Wednesday, December 08, 2004

wtf?

this is officially ridiculous. not only do they get their facts wrong, but somehow CBS thinks that:

(a) running a blog claiming to provide analysis of a senate campaign that is, in fact, secretly run by paid campaign operative from one particular side

is equivalent to:

(b) anonymously running a vocally liberal site while working for a left-leaning media watchdog site.


in (a) the author of daschle v. thune provided analysis of the senate race but withheld a key fact--that he was paid by the thune campaign. the missing fact directly raises questions of bias and the substance of his criticism of each candidate

(b) is completely different. media matters is an organization dedicated to publicize conservative bias in the u.s. media. as the site explains:
Media Matters for America is a Web-based, not-for-profit progressive research and information center dedicated to comprehensively monitoring, analyzing, and correcting conservative misinformation in the U.S. media.
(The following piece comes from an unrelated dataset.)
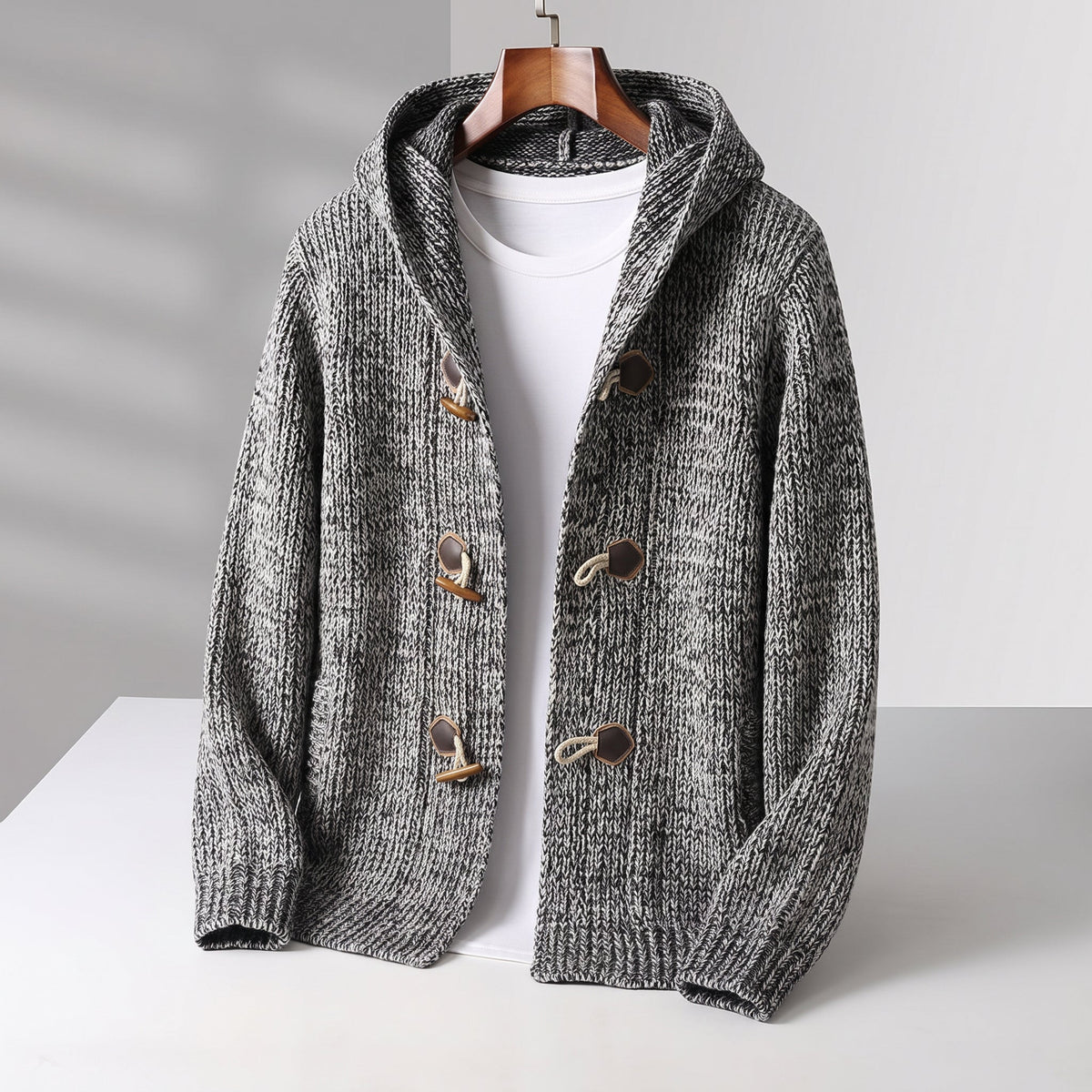 Women's Hooded Knit Cardigan | Toggle Closure & Deep Pockets 5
Conservative misinformation is defined as news or commentary presented in the media that is not accurate, reliable, or credible and that forwards the conservative agenda.
see the difference? media matters never claims to monitor sites like eschaton. nor did atrios ever claim to provide any analysis of media matters. unlike in (a) the withheld information (i.e. atrios' secret identity during the one month that he was both employed by media matters and still posting anonymously) does not raise any conflict of interest questions. indeed, atrios and media matters both critique the mainstream media. they complement each other, they don't conflict, so it raises no bias issues with either site. yet somehow the cbs article makes it seem like these are parallel cases.

(as i was writing the above, atrios posted his letter to cbs about the article)
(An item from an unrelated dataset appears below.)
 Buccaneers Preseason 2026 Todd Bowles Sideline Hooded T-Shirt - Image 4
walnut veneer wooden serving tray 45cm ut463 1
full disclosure/CBS news prophylactic: i guest posted at eschaton for one week. in addition, duncan black once bought me a drink. he also gave me a button that i still wear on most tuesdays

UPDATE (12/9/04): CBS has rewritten the story. they've gotten rid of some of the factual errors, but not made it any clearer why exactly atrios was unethical or violated any journalistic standards. ironically, as others have noted one clear violation of those standards is running a corrected version of the story without retracting the earlier version or, at the very least, mentioning that the article has been altered.